Prendió la lámpara y deshizo el equipaje. Comprobó el estado de sus herramientas, a las que destinó el mejor espacio dentro del aparador, y colocó en el ropero sus escasas vestiduras. Después se aseó y se puso ropa limpia.
Cuando completaba la última de estas operaciones, sonaron unos golpes en la puerta. Fue a abrir y apenas tuvo tiempo de avistar una figura que desaparecía al final del pasillo. A sus pies había una bandeja, y otras cuatro o cinco ante otras tantas habitaciones próximas. La comida, sin ser mala, tampoco movía a entusiasmo. La ingirió con gratitud a causa del viaje, aunque echó de menos algo de vino. Apenas serían las siete y media, pero le parecía que era mucho más tarde. Sacó la bandeja al pasillo y se tendió en la cama a meditar.
Sin embargo, unas dos horas después, cuando abrió los ojos, se dio cuenta de que no había meditado nada en absoluto. Ya era noche más que cerrada y no se oía un ruido. Bálder se dijo que estaba solo, en lo más alto de aquel lúgubre palacio, en una noche de invierno y muy lejos de la tierra en la que había nacido. Aceptó que su tierra natal no era más suya que aquella sobre la que sus habitantes estaban levantando una catedral sin el cálculo de concluirla, y sin embargo la echó de menos. Agradeció, en cualquier caso, que en la habitación se estuviera caliente. Se propuso levantarse para desvestirse e introducirse en el lecho como correspondía, pero volvió a adormilarse antes de ejecutar su propósito.

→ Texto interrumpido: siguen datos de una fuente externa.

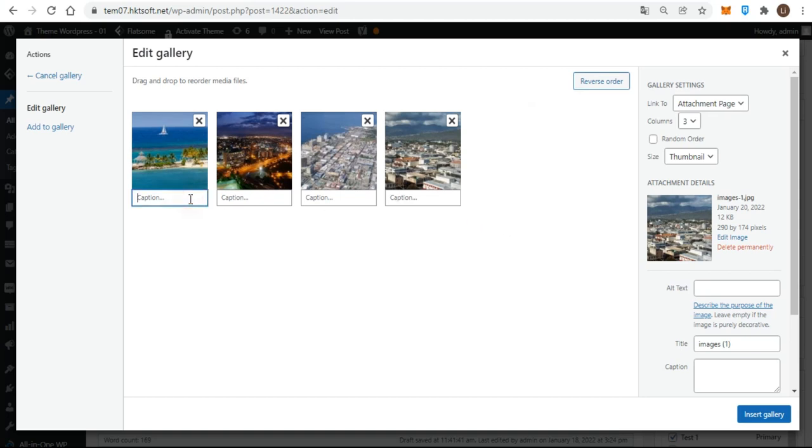You can also see the caption this image box below each image. Clicking in there allows you to add wording that will appear, most commonly, below the image. When all your images are ready, it's time to check your gallery settings on the right. These provide some control over display of the gallery, so let me walk you through each of them.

Cuando despertó de nuevo, al principio no fue consciente de haberlo hecho más que por un reflujo del sueño. Pasaron algunos segundos antes de que oyera nítidamente un tenue tamborileo en la puerta, y cerca de un minuto antes de que resolviera ir a investigar.

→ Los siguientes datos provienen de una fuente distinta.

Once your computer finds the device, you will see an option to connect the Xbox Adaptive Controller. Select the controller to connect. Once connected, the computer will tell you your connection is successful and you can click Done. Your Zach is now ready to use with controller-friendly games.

Al abrir reparó al punto en dos cosas: la primera, ínfima, casi absurda, que la bandeja había sido retirada; la segunda, no ínfima y mucho más absurda, que Camila estaba allí, con el pelo suelto, sin lentes, en camisa de dormir. Acaso había estado soñando con ella, porque sintió, con remordimiento, que verla le asustaba pero no le sorprendía.

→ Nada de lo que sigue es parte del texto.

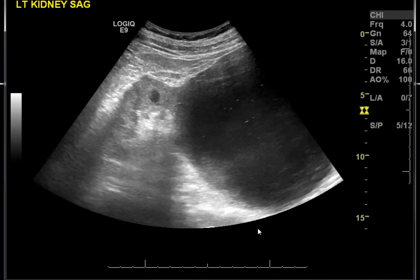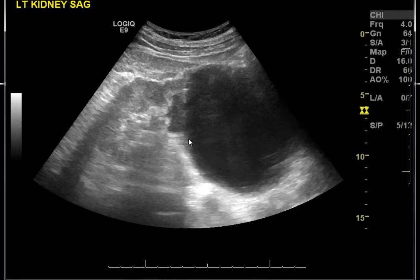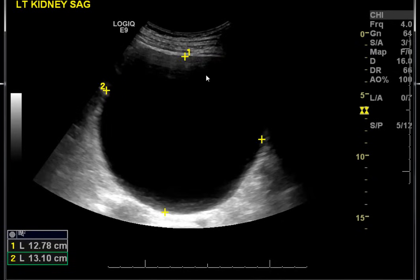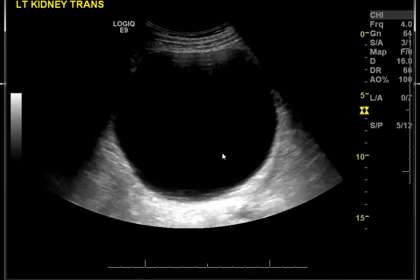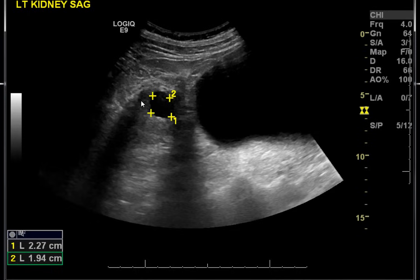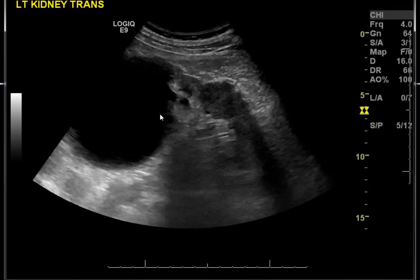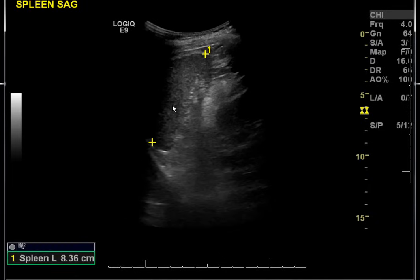There is a huge cystic structure related to the lower pole of the left kidney, measuring 12.7 by 13 centimeters. Always look at the back wall — acoustic enhancement indicates a poor attenuator. Always describe the wall. That's a huge renal cyst off the left kidney. There are also another renal cyst and another renal cyst, and there is the spleen.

– ¿Qué haces aquí? -susurró.
– ¿Te importa que pase?
– ¿Qué haces aquí? -insistió, dejando de susurrar.
– No alces la voz y déjame pasar al cuarto. Tal vez no te convenga que alguien me vea medio desnuda delante de tu puerta, el mismo día de tu llegada.
– Maldita seas. Entra -autorizó Bálder, apretando los dientes.
Camila se escurrió como un gato y se fue derecha hacia la cama. Se sentó sobre ella, apoyó los brazos y se puso a dar golpecitos en el suelo con la punta del pie. Bálder se quedó contemplándola con la boca abierta, como un retrasado.
Camila, no entiendo nada, pero me parece que quieres comprometerme -se dolió-. ¿Te importaría explicarme por qué?
– No pretendo comprometerte, maestro. Vengo a ver si eres capaz de divertirte, antes de que empieces a entender.
Bálder vaciló. Aquella mujer podía ser una desquiciada. Y lo fuera o no, sobraban motivos para alarmarse y no veía qué podía hacer para conjurar el peligro, salvo implorar:
– Quiero que te vayas, Camila. Quiero dormir. Quiero despertarme mañana y tratar de centrarme poco a poco. No pido mucho.
– No quieres que me vaya.Ven.
Sus palabras, su voz, sus ojos, poseían una fuerza hipnótica. El extranjero se acercó, notando que no iba a tener brío para oponerse. Camila, que se había soltado el pelo, que era hermosa y llevaba demasiado abierto el escote de la camisa, le invitaba con el brillo de sus ojos a consumar una infracción cuyo cariz era imposible confundir. Atrapado en el abrazo de la mujer, mientras se desprendían de él la cautela y la conciencia, Bálder conservó sin embargo la certidumbre dolorosa de que todo sucedía en una noche de invierno, en aquella tierra en la que no había nacido. Y a la vez que se sometía siguió, irreparablemente, estando solo.